- [Task directions] Using the listing below, output only the lines from the one that contains "abb analyzer magnos106" through the one that contains "Mechanical Part Machining", inclusive, exactly as given and without images.

- [Data extracts]
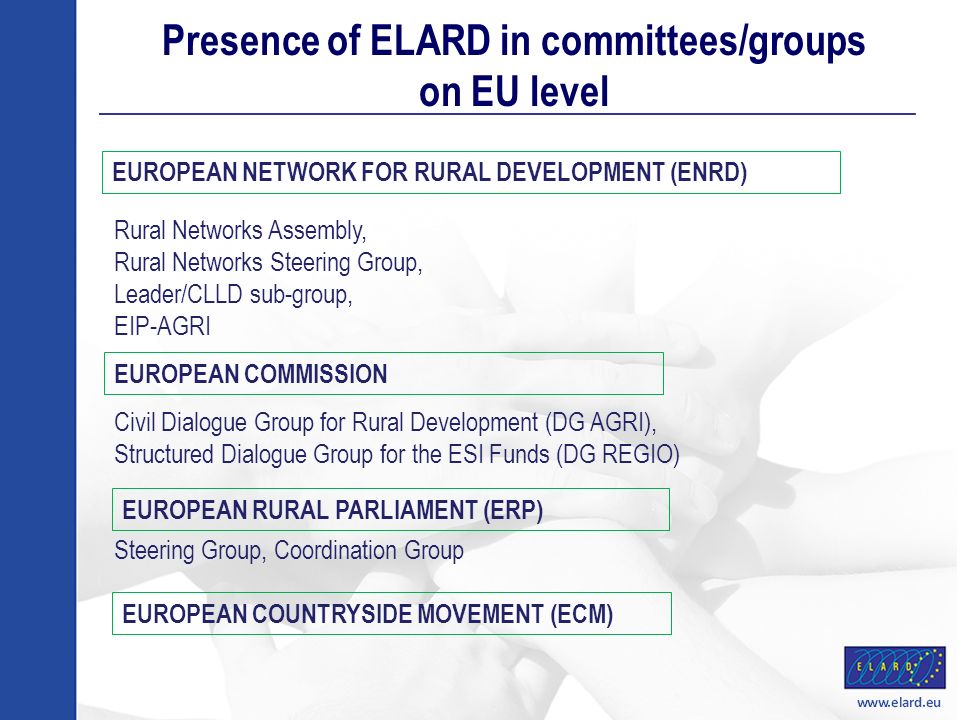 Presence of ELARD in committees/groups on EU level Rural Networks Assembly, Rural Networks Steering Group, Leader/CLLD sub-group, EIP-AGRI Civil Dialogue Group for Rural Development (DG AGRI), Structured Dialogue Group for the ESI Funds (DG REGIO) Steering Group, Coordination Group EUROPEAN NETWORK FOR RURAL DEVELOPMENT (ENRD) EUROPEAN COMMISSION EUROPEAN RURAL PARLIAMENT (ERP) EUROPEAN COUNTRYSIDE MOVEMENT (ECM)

---

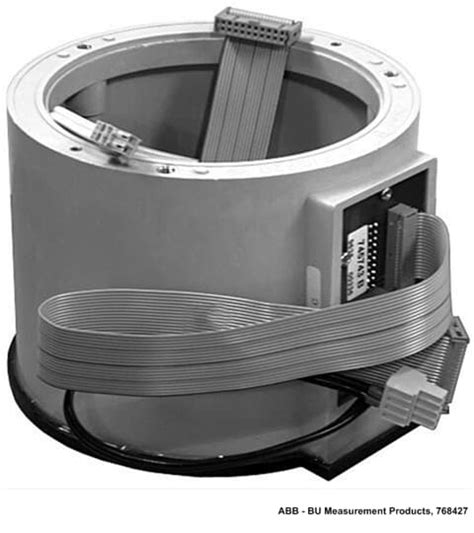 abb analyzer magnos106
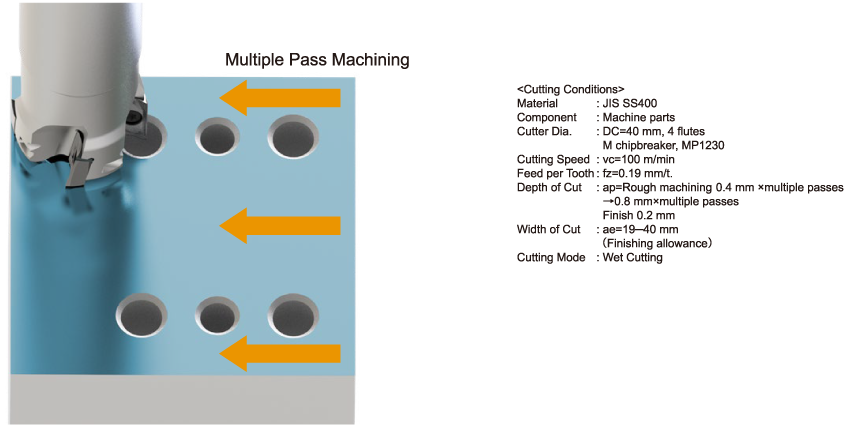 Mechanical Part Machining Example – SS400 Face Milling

- [Answer for the task]
 abb analyzer magnos106
 Mechanical Part Machining Example – SS400 Face Milling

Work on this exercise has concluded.